(RECORDS TO USE)

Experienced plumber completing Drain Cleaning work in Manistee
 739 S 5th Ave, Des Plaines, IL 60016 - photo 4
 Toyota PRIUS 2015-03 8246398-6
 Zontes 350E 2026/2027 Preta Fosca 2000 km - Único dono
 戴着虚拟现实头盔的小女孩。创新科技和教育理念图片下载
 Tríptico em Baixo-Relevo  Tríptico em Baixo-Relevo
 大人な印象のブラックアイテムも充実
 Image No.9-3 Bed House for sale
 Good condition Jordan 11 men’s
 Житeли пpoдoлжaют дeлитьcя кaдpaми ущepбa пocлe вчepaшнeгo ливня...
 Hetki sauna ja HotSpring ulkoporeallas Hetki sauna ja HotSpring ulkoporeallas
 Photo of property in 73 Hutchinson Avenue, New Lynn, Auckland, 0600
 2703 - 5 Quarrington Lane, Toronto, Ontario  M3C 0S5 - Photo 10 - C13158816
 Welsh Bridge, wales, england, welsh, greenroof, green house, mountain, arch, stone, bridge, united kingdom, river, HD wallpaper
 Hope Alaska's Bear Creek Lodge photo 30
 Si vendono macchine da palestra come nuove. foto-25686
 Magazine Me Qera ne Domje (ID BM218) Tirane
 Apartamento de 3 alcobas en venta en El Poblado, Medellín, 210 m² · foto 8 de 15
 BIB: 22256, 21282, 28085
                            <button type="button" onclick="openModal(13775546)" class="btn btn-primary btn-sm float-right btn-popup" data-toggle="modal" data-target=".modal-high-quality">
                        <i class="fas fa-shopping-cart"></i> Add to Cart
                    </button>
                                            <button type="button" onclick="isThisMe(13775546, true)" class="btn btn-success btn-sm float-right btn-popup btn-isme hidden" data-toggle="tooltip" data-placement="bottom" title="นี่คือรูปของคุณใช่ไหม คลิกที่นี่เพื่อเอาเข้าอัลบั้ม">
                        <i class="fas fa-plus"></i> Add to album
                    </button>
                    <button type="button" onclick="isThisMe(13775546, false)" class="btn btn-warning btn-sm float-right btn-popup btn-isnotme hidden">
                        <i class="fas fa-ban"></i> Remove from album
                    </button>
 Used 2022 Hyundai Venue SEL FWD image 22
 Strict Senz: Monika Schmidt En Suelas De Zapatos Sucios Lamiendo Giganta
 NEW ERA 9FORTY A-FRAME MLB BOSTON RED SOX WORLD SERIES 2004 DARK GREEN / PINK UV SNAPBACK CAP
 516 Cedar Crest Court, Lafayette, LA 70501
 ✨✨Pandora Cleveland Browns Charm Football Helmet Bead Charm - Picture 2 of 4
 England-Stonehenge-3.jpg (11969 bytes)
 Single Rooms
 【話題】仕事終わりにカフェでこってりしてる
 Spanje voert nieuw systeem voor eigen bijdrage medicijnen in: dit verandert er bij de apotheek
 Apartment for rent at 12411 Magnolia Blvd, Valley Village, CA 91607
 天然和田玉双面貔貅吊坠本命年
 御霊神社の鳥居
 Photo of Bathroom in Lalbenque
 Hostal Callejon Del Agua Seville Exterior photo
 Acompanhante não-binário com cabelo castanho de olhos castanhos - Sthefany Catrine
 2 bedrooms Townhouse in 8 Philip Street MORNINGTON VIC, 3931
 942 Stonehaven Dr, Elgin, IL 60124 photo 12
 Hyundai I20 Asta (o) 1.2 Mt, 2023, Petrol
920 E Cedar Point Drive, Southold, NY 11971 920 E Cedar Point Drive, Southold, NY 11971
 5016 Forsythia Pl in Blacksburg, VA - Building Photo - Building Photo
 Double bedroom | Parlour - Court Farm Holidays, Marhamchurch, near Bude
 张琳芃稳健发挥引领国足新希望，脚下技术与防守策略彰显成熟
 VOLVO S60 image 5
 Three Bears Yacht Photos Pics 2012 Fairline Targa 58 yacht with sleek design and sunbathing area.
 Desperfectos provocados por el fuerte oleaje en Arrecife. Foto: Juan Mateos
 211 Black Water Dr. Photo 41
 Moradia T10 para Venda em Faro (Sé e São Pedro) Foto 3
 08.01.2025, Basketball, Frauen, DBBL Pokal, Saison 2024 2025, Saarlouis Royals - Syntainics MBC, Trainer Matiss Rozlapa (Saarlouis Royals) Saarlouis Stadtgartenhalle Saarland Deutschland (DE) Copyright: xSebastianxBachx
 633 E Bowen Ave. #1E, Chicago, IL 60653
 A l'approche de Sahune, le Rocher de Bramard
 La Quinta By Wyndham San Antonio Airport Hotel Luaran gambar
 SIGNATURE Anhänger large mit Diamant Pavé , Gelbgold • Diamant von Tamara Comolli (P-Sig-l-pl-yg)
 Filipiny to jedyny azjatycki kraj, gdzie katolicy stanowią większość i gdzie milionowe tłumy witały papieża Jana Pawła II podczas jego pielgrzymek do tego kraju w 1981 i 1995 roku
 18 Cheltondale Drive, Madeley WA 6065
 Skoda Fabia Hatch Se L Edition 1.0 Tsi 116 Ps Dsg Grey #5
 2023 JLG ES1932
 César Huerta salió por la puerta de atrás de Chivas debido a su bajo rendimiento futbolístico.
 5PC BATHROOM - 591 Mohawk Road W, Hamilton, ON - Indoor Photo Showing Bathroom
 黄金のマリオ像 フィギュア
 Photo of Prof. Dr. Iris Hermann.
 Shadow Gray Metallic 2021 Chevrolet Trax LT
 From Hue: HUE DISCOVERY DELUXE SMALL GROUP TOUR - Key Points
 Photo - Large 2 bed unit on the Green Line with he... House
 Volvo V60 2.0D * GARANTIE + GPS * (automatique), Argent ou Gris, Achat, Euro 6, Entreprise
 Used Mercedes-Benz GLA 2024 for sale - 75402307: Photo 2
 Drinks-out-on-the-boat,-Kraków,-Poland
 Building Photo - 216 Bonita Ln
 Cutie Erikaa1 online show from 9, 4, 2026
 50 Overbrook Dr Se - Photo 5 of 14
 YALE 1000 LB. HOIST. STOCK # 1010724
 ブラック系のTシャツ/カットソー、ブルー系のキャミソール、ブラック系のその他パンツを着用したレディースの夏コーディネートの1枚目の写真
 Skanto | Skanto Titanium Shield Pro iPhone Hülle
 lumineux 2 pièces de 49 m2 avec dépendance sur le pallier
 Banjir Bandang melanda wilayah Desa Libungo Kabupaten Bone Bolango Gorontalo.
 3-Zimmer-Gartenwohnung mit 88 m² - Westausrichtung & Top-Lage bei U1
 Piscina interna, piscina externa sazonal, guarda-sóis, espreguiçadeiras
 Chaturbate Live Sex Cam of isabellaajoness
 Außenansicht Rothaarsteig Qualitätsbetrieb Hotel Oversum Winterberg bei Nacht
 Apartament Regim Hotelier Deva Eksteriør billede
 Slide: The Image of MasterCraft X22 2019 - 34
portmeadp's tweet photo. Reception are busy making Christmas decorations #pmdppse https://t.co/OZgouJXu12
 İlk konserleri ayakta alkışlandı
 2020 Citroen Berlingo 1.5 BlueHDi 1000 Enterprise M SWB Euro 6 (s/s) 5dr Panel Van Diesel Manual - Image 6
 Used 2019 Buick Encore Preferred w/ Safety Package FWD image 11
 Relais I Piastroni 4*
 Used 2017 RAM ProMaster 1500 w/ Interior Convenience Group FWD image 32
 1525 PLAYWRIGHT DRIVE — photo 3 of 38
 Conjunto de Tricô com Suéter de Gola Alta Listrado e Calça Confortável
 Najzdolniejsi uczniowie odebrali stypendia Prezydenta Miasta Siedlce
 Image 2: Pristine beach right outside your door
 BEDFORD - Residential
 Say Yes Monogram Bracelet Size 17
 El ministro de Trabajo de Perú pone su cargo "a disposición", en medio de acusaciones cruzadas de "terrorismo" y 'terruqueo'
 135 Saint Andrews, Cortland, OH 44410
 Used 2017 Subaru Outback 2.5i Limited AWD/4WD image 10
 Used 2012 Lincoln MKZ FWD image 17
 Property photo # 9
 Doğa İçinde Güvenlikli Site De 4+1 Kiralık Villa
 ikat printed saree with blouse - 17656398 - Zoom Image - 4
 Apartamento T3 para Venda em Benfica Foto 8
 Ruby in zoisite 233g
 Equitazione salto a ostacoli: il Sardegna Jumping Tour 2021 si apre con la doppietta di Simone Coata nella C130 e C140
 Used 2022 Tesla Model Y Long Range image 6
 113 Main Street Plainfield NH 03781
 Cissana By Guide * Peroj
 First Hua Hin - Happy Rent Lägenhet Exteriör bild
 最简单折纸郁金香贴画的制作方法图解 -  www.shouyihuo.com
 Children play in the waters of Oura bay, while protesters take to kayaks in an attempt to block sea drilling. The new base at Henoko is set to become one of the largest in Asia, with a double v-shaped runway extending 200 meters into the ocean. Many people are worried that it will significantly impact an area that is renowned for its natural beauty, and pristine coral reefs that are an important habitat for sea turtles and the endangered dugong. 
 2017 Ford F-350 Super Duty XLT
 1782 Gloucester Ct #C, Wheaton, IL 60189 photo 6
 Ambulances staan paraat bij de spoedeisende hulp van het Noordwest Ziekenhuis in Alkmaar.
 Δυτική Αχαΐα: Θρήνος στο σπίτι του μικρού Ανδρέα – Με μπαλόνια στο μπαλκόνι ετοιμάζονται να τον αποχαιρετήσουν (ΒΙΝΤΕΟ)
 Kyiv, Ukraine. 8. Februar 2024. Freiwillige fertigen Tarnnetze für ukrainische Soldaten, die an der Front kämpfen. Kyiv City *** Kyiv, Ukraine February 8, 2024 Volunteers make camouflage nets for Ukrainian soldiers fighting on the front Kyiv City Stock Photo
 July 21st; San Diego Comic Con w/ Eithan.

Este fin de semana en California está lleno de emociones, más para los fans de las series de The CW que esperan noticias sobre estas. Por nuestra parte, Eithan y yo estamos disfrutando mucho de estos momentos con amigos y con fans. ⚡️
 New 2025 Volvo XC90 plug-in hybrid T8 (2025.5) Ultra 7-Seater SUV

(End RECORDS TO USE)

EXERCISE PROMPT -
When a line contains the string "Used", copy it from the records.

SOLUTION TO THIS PROBLEM -
 Used 2022 Hyundai Venue SEL FWD image 22
 Used Mercedes-Benz GLA 2024 for sale - 75402307: Photo 2
 Used 2019 Buick Encore Preferred w/ Safety Package FWD image 11
 Used 2017 RAM ProMaster 1500 w/ Interior Convenience Group FWD image 32
 Used 2017 Subaru Outback 2.5i Limited AWD/4WD image 10
 Used 2012 Lincoln MKZ FWD image 17
 Used 2022 Tesla Model Y Long Range image 6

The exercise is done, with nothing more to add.